COLLECTED MATERIAL:
****

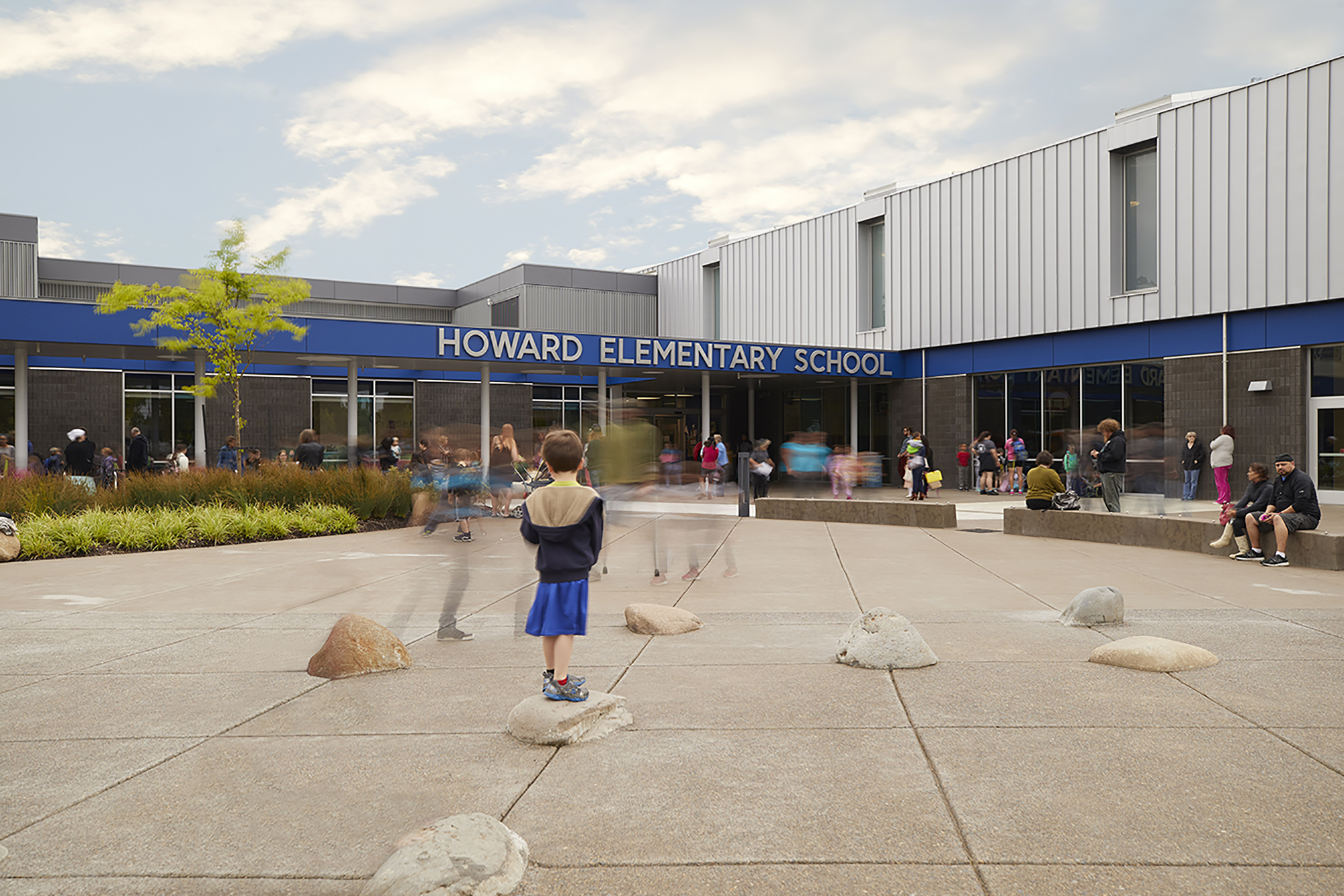 Howard Elementary School PIVOT Architecture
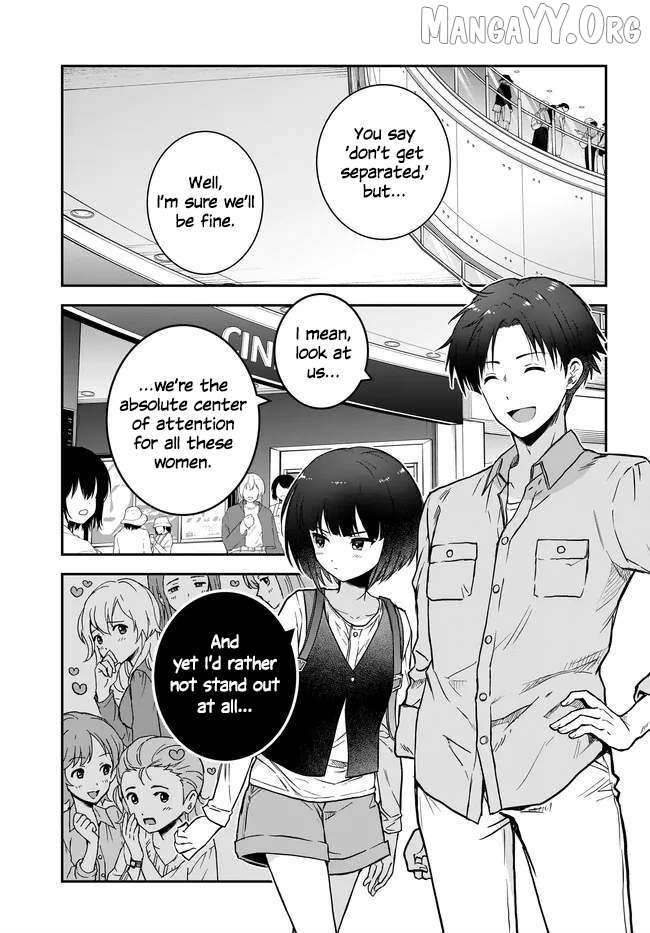 Teisou Gyakuten Sekai Nara Moteru to Omotte Itara Chapter 5 page 1 - 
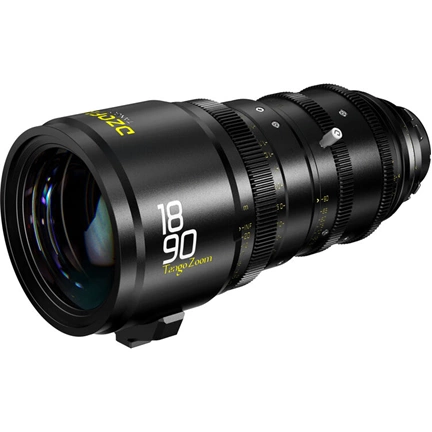 18-90mm T2.9 S35 Zoom Lens PL&EF mount - meter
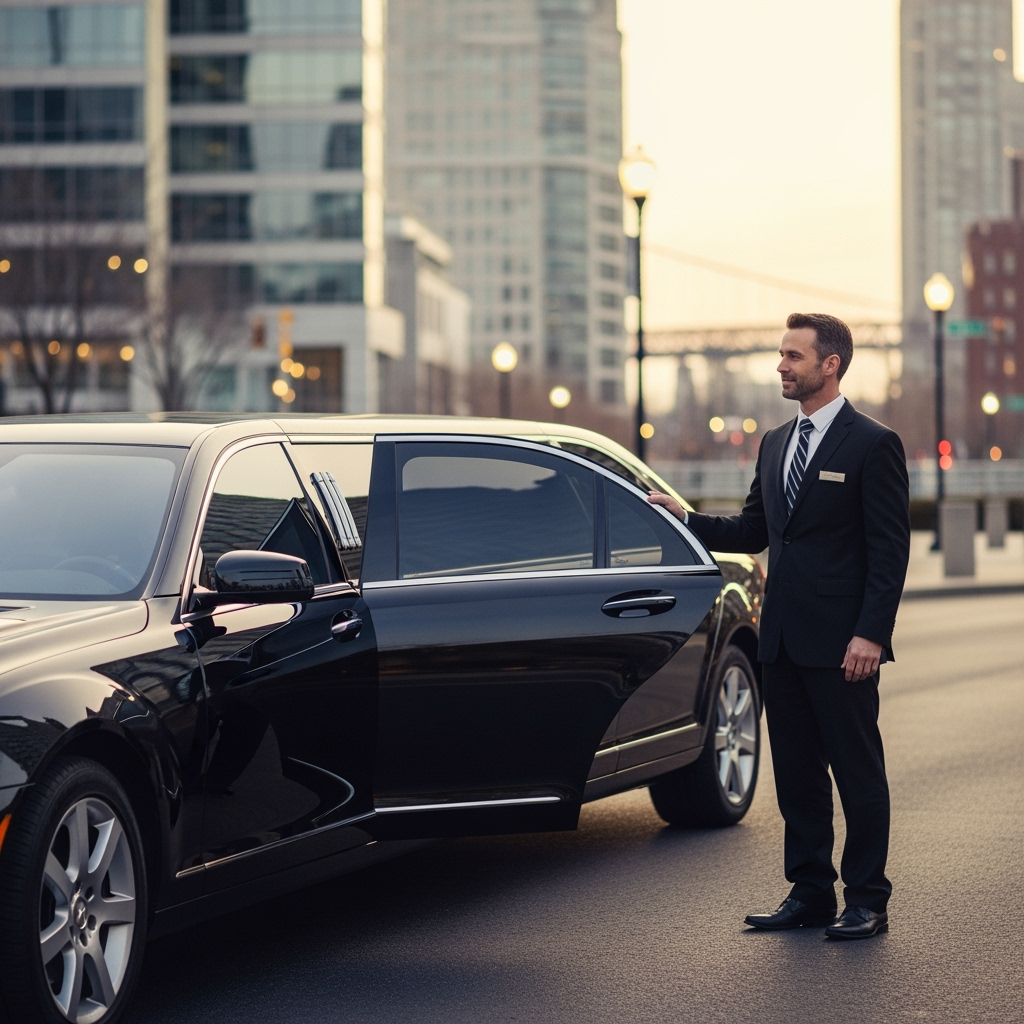 Why Hiring a New Jersey Executive Limo Service Elevates Your Corporate Travel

****

ACTIVITY:
Because the copy must hold no pictures, return only the lines that run from the line containing "Teisou Gyakuten Sekai" to the end of the data above, each exactly as it stands.

EXERCISE ANSWER:
 Teisou Gyakuten Sekai Nara Moteru to Omotte Itara Chapter 5 page 1 - 
 18-90mm T2.9 S35 Zoom Lens PL&EF mount - meter
 Why Hiring a New Jersey Executive Limo Service Elevates Your Corporate Travel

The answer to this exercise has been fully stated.